Pesan Penting Horoskop Bali, ”Palalintangan”, Harus Tetap Lestari
”Palalintangan” atau horoskop Bali sebagai warisan budaya diyakini masih relevan dalam kehidupan masa kini. Namun, ”palalintangan” semakin digantikan dengan zodiak yang dinilai lebih efisien dalam meramalkan kehidupan.
Oleh
COKORDA YUDISTIRA
·3 menit baca
DENPASAR, KOMPAS — Beragam pesan penting dalam palalintangan atau horoskop Bali diyakini masih relevan diterapkan dalam berbagai sendi kehidupan. Namun, butuh perhatian banyak pihak agar pesan penting palalintangan itu tetap bisa lestari.
Demikianlah benang merah kajian tentang palalintangan pada koleksi Museum Bali di Kota Denpasar, Selasa (15/6/2021). Pemaparan disampaikan I Made Suatjana dengan topik ”Visual Palalintangan pada Koleksi Museum Bali”, Gede Marayana dengan topik ”Makna Palalintangan pada Museum Bali”, dan Ida Bagus Budayoga yang membahas topik ”Upakara Bebayuhan Palalintangan pada Koleksi Museum Bali”.
Palalintangan menjadi salah satu koleksi Museum Bali. Saat ini, jumlahnya ada delapan buah. Sebanyak tujuh koleksi dilukis pada kain. Sementara satu koleksi lainnya dilukis di atas kulit sapi. Seluruh palalintangan berasal dari Desa Kamasan, Gelgel, Kabupaten Klungkung.
Palalintangan diidentikkan dengan zodiak dalam kalender Masehi atau shio dalam kalender China. Khusus palalintangan Bali, isinya mengungkap ramalan manusia dari kelahiran berdasarkan pengaruh 35 rasi bintang dengan sistem wewaran, yakni panca wara dan sapta wara pada kalender Bali.
Panca wara mengacu pada umanis, pahing, pon, wage, dan kliwon. Adapun sapta wara terdiri dari radite (Minggu), soma (Senin), anggara (Selasa), budha (Rabu), wraspati (Kamis), sukra (Jumat), dan saniscara (Sabtu).
Suatjana menyebutkan, koleksi palalintangan di Museum Bali menunjukkan visual para dewa sebagai simbol penguasa hari ataupun hewan sebagai simbol hari.
Dalam kehidupan masyarakat Bali, palalintangan digunakan untuk memperkirakan watak, karakter, ataupun tabiat seseorang berdasarkan kelahirannya. Budayoga menyebutkan alam semesta diyakini memberikan pengaruh terhadap kehidupan seseorang.

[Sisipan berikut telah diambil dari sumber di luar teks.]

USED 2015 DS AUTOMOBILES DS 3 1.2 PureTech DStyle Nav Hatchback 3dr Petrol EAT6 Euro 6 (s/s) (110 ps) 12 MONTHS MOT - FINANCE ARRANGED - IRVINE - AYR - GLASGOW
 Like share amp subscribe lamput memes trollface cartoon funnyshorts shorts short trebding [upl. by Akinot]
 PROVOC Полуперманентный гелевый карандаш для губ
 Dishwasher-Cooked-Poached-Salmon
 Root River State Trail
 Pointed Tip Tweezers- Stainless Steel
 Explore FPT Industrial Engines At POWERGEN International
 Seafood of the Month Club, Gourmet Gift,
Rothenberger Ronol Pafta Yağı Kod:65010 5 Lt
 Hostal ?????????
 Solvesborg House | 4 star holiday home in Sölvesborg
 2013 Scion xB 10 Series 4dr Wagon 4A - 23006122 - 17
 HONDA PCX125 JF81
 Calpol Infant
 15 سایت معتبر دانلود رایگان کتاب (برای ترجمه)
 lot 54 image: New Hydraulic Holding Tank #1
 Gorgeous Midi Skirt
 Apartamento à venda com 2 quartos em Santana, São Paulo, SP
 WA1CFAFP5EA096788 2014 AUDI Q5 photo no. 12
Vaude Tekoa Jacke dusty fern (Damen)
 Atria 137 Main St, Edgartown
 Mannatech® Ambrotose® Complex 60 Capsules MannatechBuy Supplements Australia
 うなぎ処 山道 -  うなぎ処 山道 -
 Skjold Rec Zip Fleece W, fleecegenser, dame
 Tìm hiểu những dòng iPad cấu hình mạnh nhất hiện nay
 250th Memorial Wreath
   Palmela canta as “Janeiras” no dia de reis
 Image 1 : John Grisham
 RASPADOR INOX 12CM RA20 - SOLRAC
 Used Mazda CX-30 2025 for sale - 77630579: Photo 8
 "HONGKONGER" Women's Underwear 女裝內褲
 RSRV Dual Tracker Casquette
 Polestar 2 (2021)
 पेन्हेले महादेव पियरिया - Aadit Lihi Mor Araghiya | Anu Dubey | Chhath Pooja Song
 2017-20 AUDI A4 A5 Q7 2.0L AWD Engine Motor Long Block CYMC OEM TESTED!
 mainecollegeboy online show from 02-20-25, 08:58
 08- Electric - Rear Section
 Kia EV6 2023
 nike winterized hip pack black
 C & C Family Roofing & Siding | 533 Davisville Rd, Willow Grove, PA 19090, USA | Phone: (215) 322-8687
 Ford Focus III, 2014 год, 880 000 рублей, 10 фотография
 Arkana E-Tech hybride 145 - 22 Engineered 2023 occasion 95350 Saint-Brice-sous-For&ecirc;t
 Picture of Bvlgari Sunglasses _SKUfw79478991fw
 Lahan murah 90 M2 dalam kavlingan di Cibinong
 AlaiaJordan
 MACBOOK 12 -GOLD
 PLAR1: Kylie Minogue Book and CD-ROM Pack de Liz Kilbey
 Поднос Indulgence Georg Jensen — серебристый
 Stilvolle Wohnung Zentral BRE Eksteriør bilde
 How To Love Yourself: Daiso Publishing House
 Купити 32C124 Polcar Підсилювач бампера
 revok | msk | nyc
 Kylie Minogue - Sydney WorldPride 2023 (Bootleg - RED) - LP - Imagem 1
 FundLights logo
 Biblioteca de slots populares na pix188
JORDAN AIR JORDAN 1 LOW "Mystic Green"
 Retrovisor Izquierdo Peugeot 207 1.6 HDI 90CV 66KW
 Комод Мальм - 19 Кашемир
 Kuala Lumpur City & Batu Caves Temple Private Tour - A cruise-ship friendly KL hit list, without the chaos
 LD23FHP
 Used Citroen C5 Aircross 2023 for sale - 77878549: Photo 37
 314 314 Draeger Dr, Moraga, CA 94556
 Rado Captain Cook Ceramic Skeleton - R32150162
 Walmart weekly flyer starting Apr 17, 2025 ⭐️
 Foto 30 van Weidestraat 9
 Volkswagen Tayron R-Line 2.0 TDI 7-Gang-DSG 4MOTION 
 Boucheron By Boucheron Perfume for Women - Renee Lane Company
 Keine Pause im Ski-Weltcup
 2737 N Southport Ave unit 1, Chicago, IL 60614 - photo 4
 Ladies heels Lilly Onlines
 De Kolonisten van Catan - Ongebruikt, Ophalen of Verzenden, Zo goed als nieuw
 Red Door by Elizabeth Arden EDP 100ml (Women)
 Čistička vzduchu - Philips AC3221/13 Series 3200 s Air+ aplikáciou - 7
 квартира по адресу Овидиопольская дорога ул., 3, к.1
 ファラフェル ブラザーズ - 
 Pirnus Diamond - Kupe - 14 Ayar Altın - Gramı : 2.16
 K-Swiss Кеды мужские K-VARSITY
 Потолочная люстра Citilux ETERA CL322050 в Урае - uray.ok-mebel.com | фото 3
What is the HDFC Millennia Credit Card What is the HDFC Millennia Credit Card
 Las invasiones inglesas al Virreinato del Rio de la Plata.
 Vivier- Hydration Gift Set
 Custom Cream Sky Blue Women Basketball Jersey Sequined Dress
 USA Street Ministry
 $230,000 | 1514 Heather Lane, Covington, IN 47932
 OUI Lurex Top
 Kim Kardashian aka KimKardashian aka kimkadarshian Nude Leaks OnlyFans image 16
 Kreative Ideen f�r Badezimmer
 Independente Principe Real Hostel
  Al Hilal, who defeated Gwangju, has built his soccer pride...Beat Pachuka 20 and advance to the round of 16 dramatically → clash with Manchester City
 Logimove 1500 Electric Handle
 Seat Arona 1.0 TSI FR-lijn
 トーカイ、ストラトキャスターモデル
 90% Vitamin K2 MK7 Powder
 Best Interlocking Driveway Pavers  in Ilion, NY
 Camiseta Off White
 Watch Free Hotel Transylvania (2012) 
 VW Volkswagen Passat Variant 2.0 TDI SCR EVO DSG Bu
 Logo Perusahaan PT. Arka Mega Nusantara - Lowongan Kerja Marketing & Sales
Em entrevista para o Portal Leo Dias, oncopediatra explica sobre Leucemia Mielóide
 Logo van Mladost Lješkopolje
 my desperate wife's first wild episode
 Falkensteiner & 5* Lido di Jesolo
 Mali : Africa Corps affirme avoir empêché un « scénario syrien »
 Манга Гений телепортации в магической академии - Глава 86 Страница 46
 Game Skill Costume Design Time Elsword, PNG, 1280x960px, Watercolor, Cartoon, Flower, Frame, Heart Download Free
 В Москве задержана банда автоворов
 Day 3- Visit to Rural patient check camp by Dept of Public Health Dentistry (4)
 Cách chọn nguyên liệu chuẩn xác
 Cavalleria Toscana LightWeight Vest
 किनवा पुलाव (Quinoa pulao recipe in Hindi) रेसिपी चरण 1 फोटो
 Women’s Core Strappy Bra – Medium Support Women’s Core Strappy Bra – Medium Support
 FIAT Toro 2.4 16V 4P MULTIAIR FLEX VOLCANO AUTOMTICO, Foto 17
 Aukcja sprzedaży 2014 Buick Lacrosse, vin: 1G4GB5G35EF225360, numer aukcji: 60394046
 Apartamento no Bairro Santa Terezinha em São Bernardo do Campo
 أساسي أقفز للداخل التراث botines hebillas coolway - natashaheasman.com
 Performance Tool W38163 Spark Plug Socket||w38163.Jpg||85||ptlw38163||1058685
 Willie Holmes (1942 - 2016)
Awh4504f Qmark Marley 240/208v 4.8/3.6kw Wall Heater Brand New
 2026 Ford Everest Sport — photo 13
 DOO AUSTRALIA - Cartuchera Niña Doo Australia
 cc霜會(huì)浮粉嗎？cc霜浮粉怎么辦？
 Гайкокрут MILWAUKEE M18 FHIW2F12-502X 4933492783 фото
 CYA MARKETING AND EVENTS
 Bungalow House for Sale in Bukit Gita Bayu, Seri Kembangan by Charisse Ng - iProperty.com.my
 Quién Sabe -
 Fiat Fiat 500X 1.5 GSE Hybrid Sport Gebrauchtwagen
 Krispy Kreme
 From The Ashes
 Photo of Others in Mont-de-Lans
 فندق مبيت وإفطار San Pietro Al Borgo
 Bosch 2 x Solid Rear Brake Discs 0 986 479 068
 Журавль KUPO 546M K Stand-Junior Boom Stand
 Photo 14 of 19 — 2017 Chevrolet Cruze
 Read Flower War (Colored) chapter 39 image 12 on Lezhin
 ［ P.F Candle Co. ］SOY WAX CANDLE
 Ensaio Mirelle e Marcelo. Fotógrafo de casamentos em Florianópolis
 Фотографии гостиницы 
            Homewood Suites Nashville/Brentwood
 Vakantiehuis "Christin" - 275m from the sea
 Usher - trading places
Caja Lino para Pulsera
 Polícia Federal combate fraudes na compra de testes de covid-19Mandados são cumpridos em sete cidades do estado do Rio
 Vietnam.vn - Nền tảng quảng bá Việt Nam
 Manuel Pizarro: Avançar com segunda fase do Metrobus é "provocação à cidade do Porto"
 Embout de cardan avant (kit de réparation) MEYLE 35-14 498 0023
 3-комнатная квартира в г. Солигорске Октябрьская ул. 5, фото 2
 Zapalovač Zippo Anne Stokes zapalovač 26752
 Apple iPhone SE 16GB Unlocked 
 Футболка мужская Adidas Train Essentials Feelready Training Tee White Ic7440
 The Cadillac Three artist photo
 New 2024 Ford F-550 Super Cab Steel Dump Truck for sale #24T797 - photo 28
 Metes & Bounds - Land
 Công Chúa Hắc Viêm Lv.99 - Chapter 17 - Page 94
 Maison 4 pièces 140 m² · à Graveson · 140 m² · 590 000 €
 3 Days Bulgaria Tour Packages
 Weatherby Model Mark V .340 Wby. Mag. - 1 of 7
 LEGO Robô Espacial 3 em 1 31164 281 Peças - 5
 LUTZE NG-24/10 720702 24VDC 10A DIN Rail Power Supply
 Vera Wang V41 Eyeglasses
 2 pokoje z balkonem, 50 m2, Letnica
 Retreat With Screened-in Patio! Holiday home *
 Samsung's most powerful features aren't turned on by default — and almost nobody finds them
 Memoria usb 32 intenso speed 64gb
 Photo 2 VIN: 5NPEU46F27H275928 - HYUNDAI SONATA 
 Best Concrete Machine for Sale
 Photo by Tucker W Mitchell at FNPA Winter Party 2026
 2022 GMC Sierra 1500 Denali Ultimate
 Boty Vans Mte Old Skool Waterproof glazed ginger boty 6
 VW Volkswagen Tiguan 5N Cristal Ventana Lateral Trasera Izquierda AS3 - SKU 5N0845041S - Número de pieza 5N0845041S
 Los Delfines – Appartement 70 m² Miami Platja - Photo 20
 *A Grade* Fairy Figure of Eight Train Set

Konsep dalam Hindu menunjukkan, kemanunggalan alam semesta dan semua makhluk, termasuk pula hubungan manusia dengan alam semesta. Surya atau matahari dipercaya sebagai sumbu dari perputaran planet, bintang, dan juga bulan.
Dengan mengacu palalintangan, umat berusaha mengenali pengaruh bintang di orbit terhadap aspek kehidupannya, baik mengenai nasib, sifat, rezeki, jodoh, maupun kejadian yang berkaitan dengan hidupnya.
Palalintangan juga digunakan untuk menentukan bentuk dan jenis upakara bebayuh atau ruwatan, dengan tujuan menghilangkan hal-hal negatif dan membersihkan jiwa raga seseorang. Palalintangan juga dapat digunakan dalam praktik perdukunan atau paranormal.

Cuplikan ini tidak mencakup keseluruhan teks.